She opened a beer bottle with her armpit and then gave me a cigarette from the waistband of her underwear. I dont know if I want to be her or marry her.
I feel like I'm sitting in a sleigh of puddy. It's not a bathtub though because you need a sleigh to go down a mountain.
Every concussion has its silver lining
It's not really that big. Girls just think it feels big. It's a cocktical illusion.
This essay is so getting done. I am spurred on by thoughts of test-driving your newly shaven face by sitting on it as soon as humanly possible.
I wish I was a power ranger. Also the universe is immense. Like it never ends. Never.
At the start of the night I was all 'come at me universe' and three hours later I was ordering an extra large pizza in bed in the dress I had gone out in. Well played universe.

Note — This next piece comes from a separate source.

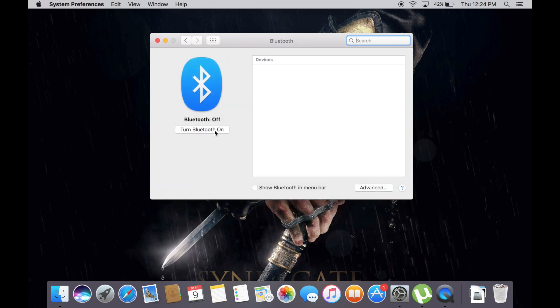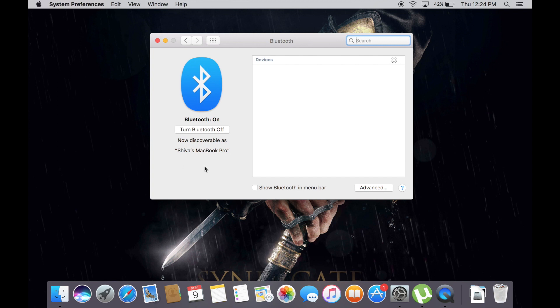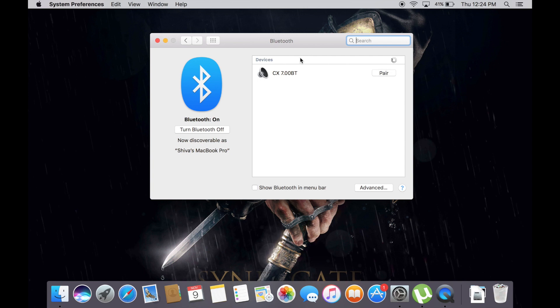Turn Bluetooth on and you'll have to wait for a few seconds. As you can see, the MacBook is searching for the device. So finally, our Bluetooth headset has been detected. So now all you need to do is tap on Pair.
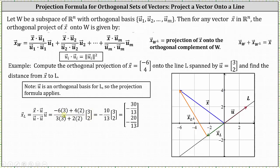Simplifying the fraction: the numerator gives negative 18 plus 8, which is negative 10. The denominator gives 9 plus 4, which is 13. This gives us negative 10/13 times the vector (3, 2), which equals the vector (-30/13, -20/13). This is the green vector — the orthogonal projection of vector x onto line l.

I should start prefacing bondage with girls saying "I know you've read 50 Shades, but there is a 33% you're gonna freakout and go home, while I jerk it alone"
I want to get back to junior year skinny- without all the drugs.
Would it be wrong to text my ex and say "congratulations on the new baby that you had with a stripper"?
How high were you when you left that message, cause you made honest-to-God, credible seal noises.
Just paid my weed guy with a check. I've got this whole adult thing down.
Woke up with a grilled cheese in my hand, it was like god giving me a high five for the night before
I will give him this, every time we go to the club he gets a stripper's actual number.
Happy 20th birthday! I hope you like anxiety and having your debit card declined at McDonald's!